The Shortest Day

the day the sun stands still

The Shortest Day

Saturday was the winter solstice. The shortest day of the year.

It's a significant day, but I've neglected it up until now. To me it's always seemed to be a depressing thing, you know? You wake up, it's dark. You get a few scant hours of sunlight, and then it's dark again. The only thing redeeming it is the anticipation of Christmas.

But I'm coming around to the idea that it's a beautiful thing. The shortest day; this means longer days are coming. It is the very first signal, a signpost towards spring. Towards warmer weather. Towards the future.

I played Neva recently. I don't want to talk about it too much, because I reviewed it for Debug (and you can read it, and many other reviews by lovely writers, if you buy issue 8 when it comes out, which I think is a very smooth and not at all obvious plug). It's obviously a stunning game. I couldn't get enough of the world. I took way more screenshots than I needed to, just because I wanted to capture it.

Neva takes place over all four seasons: starting in luscious summer, sinking into autumn, and then falling deep into the bleak and desolate winter. The winter section is haunting, not just because of the story, but because of the darkness, and quiet it is.

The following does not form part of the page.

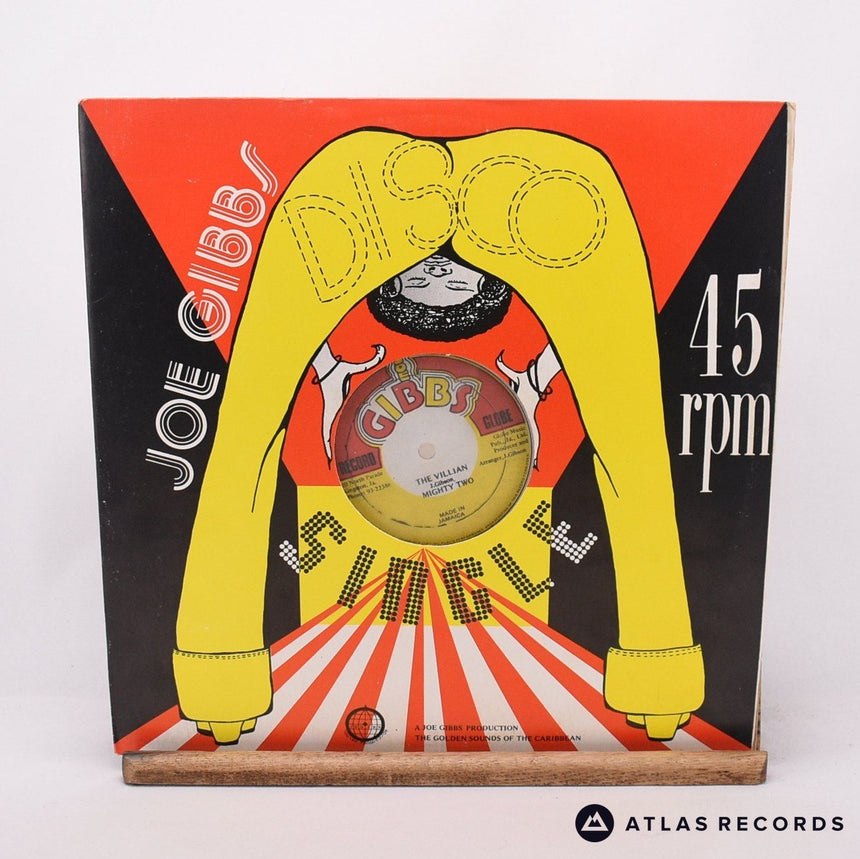 Jacob Miller - I Am Just A Dread / One Shut - -A -B 12" Vinyl Record - VG+/VG+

I've always suffered a bit in the winter with my mental health, and now that I have trigeminal neuralgia and my main pain trigger is the cold, it's even worse. The only thing that is exciting about the winter is December; the run-up to Christmas is nice, and my son was born in December, arriving slowly and then all of a sudden in a quiet hospital, like an early present.

The beginning of January is okay. You're mostly tucked up inside anyway, and you have the optimism of a new year, which is annoyingly infectious. But then January drags on. And on. And on. And when you finally get to the end of it? Boom, it's February, which is undisputably the shittest month of the year. Name me a month more shit than February. You can't! Because it's terrible. It's dark, it's freezing cold, and there's nothing good about it.

Right. Sorry. What was I even talking about?

Neva! I was talking about Neva. This is a game that knows how to celebrate the seasons, including the winter. I have bad associations with the winter months because I spend a lot of it in pain. But there is a beauty to winter, and I am trying to work out how to appreciate it, even if it's from afar.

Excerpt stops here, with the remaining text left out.